[What you should do] Exactly the lines from the one with "this 1344×896 image." to the end of the entries should appear in your answer, retyped word for word.

[Extracted information]
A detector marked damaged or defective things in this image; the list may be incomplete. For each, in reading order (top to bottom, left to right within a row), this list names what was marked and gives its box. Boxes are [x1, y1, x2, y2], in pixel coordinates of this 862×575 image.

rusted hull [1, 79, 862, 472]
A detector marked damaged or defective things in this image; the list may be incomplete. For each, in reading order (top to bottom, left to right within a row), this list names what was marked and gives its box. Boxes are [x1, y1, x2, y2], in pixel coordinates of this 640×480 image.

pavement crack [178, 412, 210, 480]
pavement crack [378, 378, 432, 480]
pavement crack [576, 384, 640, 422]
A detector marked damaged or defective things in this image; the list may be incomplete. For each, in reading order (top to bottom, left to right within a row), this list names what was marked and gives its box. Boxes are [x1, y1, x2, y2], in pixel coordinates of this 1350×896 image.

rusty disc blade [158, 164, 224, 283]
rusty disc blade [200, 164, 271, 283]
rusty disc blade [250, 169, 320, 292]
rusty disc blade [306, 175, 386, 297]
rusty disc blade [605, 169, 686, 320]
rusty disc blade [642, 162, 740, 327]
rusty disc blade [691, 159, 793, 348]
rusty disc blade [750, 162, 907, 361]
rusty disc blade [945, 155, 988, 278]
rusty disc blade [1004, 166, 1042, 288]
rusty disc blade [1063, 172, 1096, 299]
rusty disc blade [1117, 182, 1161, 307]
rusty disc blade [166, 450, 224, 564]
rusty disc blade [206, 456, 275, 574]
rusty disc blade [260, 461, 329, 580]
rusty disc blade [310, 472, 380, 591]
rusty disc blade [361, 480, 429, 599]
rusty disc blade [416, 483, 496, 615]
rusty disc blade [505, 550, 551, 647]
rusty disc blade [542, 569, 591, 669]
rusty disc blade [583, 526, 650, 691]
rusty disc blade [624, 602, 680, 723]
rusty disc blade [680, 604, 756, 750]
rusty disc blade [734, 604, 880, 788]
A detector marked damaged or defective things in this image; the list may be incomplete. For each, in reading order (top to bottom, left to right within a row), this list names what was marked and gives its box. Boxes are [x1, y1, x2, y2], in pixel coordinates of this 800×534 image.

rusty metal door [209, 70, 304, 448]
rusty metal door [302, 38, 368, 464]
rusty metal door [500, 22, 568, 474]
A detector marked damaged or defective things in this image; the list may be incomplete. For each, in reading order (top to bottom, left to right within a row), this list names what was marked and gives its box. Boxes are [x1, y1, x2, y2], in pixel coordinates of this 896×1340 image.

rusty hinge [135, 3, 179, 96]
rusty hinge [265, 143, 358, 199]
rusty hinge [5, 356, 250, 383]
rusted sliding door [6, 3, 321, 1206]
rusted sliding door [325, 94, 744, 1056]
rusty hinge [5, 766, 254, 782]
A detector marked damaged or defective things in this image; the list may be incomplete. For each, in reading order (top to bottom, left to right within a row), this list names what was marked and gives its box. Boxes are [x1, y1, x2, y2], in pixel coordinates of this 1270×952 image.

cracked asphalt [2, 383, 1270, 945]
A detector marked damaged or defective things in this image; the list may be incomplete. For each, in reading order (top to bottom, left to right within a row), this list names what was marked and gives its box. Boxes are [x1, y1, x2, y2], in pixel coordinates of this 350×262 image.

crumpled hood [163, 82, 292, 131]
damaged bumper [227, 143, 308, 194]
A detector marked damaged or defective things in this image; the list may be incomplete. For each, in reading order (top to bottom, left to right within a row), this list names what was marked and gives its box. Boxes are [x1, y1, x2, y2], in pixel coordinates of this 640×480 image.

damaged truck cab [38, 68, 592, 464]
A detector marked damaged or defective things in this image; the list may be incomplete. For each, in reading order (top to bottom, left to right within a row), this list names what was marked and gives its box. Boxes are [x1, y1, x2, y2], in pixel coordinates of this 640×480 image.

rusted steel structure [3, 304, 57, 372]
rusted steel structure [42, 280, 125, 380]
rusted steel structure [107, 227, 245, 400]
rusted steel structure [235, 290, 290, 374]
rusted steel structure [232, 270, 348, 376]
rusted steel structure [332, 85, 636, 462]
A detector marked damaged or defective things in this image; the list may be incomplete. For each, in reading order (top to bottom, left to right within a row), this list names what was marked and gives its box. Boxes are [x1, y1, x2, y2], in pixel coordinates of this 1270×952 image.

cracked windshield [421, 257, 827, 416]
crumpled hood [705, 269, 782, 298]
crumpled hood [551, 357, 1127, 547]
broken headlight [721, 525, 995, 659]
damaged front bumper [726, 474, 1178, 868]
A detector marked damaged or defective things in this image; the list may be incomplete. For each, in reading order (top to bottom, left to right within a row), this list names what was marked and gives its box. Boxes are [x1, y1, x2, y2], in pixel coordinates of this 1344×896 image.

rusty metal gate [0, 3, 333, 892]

[Result of the exercise]
A detector marked damaged or defective things in this image; the list may be incomplete. For each, in reading order (top to bottom, left to right within a row), this list names what was marked and gives its box. Boxes are [x1, y1, x2, y2], in pixel coordinates of this 1344×896 image.

rusty metal gate [0, 3, 333, 892]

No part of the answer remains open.